▸ DATA EXTRACT:
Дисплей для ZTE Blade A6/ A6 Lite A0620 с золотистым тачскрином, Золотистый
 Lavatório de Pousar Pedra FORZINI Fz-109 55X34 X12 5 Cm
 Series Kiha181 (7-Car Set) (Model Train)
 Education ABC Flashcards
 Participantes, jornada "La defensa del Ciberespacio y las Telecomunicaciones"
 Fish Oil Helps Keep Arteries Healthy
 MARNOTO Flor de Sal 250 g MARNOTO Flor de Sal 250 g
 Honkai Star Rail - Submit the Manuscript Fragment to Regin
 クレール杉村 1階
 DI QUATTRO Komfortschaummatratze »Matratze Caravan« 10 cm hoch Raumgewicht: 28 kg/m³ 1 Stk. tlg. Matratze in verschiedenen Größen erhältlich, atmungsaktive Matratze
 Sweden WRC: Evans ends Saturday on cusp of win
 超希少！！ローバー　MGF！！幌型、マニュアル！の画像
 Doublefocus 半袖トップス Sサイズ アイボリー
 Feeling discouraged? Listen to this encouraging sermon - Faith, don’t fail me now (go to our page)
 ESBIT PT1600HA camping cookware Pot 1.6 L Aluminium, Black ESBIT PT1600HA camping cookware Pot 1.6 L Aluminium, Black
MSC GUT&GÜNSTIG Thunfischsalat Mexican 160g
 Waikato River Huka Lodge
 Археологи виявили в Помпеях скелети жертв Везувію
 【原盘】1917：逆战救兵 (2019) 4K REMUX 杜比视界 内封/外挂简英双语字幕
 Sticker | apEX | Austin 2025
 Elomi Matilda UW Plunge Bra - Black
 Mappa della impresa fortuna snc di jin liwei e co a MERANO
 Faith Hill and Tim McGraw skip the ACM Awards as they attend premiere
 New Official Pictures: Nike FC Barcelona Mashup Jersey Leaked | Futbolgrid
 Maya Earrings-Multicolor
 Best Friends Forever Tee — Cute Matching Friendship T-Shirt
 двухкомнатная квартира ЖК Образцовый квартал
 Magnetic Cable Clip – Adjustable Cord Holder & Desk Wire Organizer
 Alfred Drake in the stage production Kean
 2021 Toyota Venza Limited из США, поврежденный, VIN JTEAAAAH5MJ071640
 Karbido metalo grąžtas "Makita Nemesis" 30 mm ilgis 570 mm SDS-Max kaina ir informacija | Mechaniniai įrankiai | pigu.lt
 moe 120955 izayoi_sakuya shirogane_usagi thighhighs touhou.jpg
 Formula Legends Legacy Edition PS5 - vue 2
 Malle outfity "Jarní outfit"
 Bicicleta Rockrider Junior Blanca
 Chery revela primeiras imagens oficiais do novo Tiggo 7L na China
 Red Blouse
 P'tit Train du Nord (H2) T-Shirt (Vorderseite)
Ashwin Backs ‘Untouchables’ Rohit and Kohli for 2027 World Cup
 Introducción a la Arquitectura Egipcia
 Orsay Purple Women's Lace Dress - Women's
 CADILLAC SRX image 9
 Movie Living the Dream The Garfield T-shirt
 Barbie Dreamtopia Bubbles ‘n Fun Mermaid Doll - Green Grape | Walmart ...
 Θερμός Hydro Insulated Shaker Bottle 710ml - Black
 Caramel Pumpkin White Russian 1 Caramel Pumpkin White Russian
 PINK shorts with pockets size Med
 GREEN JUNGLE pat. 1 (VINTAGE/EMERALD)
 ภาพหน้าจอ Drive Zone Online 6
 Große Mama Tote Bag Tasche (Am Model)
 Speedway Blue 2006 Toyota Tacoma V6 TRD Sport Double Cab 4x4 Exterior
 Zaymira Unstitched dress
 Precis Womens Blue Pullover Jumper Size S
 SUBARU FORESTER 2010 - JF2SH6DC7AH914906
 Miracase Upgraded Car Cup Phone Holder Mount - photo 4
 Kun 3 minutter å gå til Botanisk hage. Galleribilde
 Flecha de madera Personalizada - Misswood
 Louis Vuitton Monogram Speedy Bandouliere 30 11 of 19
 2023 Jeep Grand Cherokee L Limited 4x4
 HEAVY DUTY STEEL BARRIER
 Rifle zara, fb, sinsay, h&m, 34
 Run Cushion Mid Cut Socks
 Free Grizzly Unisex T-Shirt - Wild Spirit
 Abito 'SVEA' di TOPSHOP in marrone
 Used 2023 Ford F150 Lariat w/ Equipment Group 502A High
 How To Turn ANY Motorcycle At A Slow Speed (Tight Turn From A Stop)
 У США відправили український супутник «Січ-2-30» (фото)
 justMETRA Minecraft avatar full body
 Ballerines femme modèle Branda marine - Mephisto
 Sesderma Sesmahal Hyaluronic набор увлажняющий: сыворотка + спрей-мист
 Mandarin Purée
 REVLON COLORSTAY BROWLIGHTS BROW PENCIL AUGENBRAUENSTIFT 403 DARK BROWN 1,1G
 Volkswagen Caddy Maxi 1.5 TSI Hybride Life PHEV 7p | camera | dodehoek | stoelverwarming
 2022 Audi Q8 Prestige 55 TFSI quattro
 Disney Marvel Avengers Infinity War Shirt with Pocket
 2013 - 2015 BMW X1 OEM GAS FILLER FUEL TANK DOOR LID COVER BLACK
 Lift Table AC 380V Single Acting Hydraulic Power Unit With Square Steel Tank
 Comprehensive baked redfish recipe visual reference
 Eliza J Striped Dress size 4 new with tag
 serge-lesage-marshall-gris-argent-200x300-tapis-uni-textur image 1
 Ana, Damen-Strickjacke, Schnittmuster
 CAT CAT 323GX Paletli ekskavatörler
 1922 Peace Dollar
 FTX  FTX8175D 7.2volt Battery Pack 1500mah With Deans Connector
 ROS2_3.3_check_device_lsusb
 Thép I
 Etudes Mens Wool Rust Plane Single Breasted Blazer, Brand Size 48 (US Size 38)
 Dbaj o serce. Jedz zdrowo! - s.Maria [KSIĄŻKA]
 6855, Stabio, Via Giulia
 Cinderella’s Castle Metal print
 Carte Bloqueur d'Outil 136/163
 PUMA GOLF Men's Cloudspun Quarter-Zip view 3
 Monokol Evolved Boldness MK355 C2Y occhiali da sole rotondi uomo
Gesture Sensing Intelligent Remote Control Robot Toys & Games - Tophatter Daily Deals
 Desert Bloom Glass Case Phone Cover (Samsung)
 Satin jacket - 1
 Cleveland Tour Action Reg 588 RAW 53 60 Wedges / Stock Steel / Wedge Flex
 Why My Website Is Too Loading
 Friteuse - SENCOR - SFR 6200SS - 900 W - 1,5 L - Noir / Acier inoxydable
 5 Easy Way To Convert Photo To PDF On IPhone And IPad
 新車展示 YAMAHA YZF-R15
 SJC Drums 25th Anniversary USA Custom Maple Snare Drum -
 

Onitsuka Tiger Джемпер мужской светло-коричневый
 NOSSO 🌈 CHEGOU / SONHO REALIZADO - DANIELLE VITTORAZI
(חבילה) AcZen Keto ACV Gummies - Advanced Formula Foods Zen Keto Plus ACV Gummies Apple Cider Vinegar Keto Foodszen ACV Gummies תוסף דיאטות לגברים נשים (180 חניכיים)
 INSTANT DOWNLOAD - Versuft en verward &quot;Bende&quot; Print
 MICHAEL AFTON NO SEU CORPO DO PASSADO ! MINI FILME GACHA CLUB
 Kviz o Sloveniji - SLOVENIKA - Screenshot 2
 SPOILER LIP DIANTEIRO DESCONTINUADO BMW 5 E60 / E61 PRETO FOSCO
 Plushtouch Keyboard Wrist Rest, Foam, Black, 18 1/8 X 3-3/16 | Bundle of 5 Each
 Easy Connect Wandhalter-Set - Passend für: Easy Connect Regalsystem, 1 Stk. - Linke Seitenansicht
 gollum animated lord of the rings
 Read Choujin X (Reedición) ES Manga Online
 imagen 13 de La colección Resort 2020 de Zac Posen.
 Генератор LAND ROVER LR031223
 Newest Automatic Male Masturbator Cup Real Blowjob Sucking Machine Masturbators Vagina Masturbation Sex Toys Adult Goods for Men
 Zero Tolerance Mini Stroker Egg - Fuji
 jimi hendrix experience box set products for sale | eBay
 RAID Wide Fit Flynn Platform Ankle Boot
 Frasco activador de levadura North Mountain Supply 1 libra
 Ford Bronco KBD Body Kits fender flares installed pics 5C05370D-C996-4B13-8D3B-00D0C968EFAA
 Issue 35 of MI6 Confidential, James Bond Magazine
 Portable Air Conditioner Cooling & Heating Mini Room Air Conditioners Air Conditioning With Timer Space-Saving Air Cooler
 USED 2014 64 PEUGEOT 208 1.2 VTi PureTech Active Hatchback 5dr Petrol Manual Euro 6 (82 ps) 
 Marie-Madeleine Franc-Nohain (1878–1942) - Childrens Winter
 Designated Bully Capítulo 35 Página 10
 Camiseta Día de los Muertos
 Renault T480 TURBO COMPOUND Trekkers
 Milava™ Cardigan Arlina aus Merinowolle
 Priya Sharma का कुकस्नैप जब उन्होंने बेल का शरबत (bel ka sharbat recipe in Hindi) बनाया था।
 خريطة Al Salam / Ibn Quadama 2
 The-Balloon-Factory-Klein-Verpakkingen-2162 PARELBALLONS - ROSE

▸ ACTION ITEM: Starting with the first line of the listing, output each line exactly until you have included the one containing "Alfred Drake in the stage production Kean".

▸ ANSWER FOR THE TASK:
Дисплей для ZTE Blade A6/ A6 Lite A0620 с золотистым тачскрином, Золотистый
 Lavatório de Pousar Pedra FORZINI Fz-109 55X34 X12 5 Cm
 Series Kiha181 (7-Car Set) (Model Train)
 Education ABC Flashcards
 Participantes, jornada "La defensa del Ciberespacio y las Telecomunicaciones"
 Fish Oil Helps Keep Arteries Healthy
 MARNOTO Flor de Sal 250 g MARNOTO Flor de Sal 250 g
 Honkai Star Rail - Submit the Manuscript Fragment to Regin
 クレール杉村 1階
 DI QUATTRO Komfortschaummatratze »Matratze Caravan« 10 cm hoch Raumgewicht: 28 kg/m³ 1 Stk. tlg. Matratze in verschiedenen Größen erhältlich, atmungsaktive Matratze
 Sweden WRC: Evans ends Saturday on cusp of win
 超希少！！ローバー　MGF！！幌型、マニュアル！の画像
 Doublefocus 半袖トップス Sサイズ アイボリー
 Feeling discouraged? Listen to this encouraging sermon - Faith, don’t fail me now (go to our page)
 ESBIT PT1600HA camping cookware Pot 1.6 L Aluminium, Black ESBIT PT1600HA camping cookware Pot 1.6 L Aluminium, Black
MSC GUT&GÜNSTIG Thunfischsalat Mexican 160g
 Waikato River Huka Lodge
 Археологи виявили в Помпеях скелети жертв Везувію
 【原盘】1917：逆战救兵 (2019) 4K REMUX 杜比视界 内封/外挂简英双语字幕
 Sticker | apEX | Austin 2025
 Elomi Matilda UW Plunge Bra - Black
 Mappa della impresa fortuna snc di jin liwei e co a MERANO
 Faith Hill and Tim McGraw skip the ACM Awards as they attend premiere
 New Official Pictures: Nike FC Barcelona Mashup Jersey Leaked | Futbolgrid
 Maya Earrings-Multicolor
 Best Friends Forever Tee — Cute Matching Friendship T-Shirt
 двухкомнатная квартира ЖК Образцовый квартал
 Magnetic Cable Clip – Adjustable Cord Holder & Desk Wire Organizer
 Alfred Drake in the stage production Kean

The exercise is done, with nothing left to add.